Stored records:
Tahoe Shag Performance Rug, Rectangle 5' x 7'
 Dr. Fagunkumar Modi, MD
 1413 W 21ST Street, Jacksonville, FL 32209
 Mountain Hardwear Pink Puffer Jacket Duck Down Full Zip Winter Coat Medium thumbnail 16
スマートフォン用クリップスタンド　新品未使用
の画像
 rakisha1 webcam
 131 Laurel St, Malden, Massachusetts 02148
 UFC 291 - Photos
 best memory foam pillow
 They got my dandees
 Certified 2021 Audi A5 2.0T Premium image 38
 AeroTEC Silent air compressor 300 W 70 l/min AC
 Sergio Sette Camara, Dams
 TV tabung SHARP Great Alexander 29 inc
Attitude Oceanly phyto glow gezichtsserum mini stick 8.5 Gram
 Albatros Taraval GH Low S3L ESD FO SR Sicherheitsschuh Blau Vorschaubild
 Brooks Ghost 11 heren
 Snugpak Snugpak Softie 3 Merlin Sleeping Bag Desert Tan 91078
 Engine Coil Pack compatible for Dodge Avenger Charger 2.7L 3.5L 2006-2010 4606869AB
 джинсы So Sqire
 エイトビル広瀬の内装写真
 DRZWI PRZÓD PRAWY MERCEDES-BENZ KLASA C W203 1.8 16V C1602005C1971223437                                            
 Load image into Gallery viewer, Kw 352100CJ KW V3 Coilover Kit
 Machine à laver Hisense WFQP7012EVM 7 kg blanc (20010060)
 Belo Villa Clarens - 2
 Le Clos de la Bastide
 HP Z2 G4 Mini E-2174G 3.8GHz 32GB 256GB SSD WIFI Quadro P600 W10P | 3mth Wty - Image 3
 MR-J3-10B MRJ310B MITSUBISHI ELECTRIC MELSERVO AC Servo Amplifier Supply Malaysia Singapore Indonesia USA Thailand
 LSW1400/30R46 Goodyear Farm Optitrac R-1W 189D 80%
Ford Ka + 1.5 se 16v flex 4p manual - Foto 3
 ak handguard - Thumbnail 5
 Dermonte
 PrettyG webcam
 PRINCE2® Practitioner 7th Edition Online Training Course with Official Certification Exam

*Instructions for the task*. Set down, unchanged, only those lines above that fall between the line with "Snugpak Snugpak Softie" and the line with "HP Z2 G4 Mini", the two end lines included.

*Reply*.
 Snugpak Snugpak Softie 3 Merlin Sleeping Bag Desert Tan 91078
 Engine Coil Pack compatible for Dodge Avenger Charger 2.7L 3.5L 2006-2010 4606869AB
 джинсы So Sqire
 エイトビル広瀬の内装写真
 DRZWI PRZÓD PRAWY MERCEDES-BENZ KLASA C W203 1.8 16V C1602005C1971223437                                            
 Load image into Gallery viewer, Kw 352100CJ KW V3 Coilover Kit
 Machine à laver Hisense WFQP7012EVM 7 kg blanc (20010060)
 Belo Villa Clarens - 2
 Le Clos de la Bastide
 HP Z2 G4 Mini E-2174G 3.8GHz 32GB 256GB SSD WIFI Quadro P600 W10P | 3mth Wty - Image 3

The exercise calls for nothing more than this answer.